= William Goodhugh =

English bookseller and writer

William Goodhugh (1799?–1842) was an English bookseller and writer.

==Life==
Born about 1799, Goodhugh was for some time a bookseller at 155 Oxford Street, London. To help with bibliography, he studied languages. He became prominent by learned criticisms of John Bellamy's new translation of the Bible, in the Quarterly Review for April 1818 and July 1820. In 1840 he issued proposals for a society to be called the "Dugdale Society" for genealogical research on British families, but the project came to nothing.

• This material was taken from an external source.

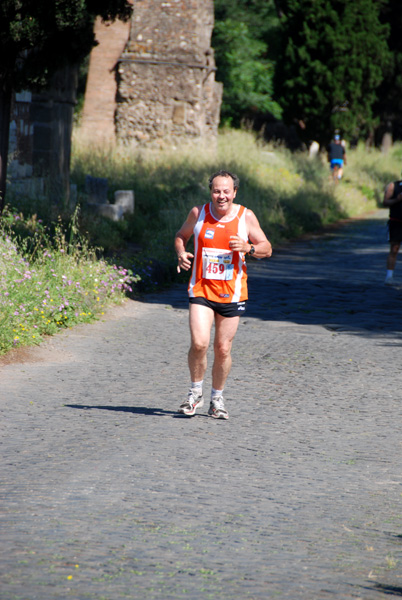 Maratonina di San Tarcisio (15/06/2008) santarcisio_6691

Goodhugh died at Chelsea, London on 23 May 1842, aged 43, leaving a son and a daughter.

==Works==
For a few years before his death, Goodhugh had been working on a biblical encyclopedia, which he had compiled to the letter R. The Bible Cyclopaedia appeared in two volumes, the second in 1843 carrying an Advertisement with a letter from William Cooke Taylor on the completion of the work, and a small amount of information on contributors. Goodhugh also published:

- The Gate to the French, Italian, and Spanish Unlocked (anon.), London, 1827.
- The Gate to the Hebrew, Arabic, and Syriac Unlocked by a new and easy method of acquiring the accidence (anon.), London, 1827.
- The English Gentleman's Library Manual, or a Guide to the Formation of a Library of Select Literature, London, 1827.
- Motives to the Study of Biblical Literature in a course of introductory lectures, London, 1838; another edition, without Goodhugh's name, was issued in 1839.
- The Bible Cyclopaedia: or, Illustrations of the Civil and Natural History of the Sacred Writings ... 1841.